[Opening Records shown section]
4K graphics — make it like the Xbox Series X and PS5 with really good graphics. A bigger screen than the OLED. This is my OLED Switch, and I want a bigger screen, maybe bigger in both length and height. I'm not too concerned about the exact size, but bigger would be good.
[Closing Records shown section]
[Opening Records shown section]
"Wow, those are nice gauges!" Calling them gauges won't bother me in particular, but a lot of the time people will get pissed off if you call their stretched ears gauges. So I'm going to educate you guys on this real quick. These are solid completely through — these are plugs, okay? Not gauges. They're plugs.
[Closing Records shown section]
[Opening Records shown section]
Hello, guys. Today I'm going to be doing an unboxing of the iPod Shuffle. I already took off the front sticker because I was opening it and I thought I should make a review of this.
[Closing Records shown section]
**Task requirements**
In the material above, each line with the word "make" should be copied.

**Result of this exercise**
4K graphics — make it like the Xbox Series X and PS5 with really good graphics. A bigger screen than the OLED. This is my OLED Switch, and I want a bigger screen, maybe bigger in both length and height. I'm not too concerned about the exact size, but bigger would be good.
Hello, guys. Today I'm going to be doing an unboxing of the iPod Shuffle. I already took off the front sticker because I was opening it and I thought I should make a review of this.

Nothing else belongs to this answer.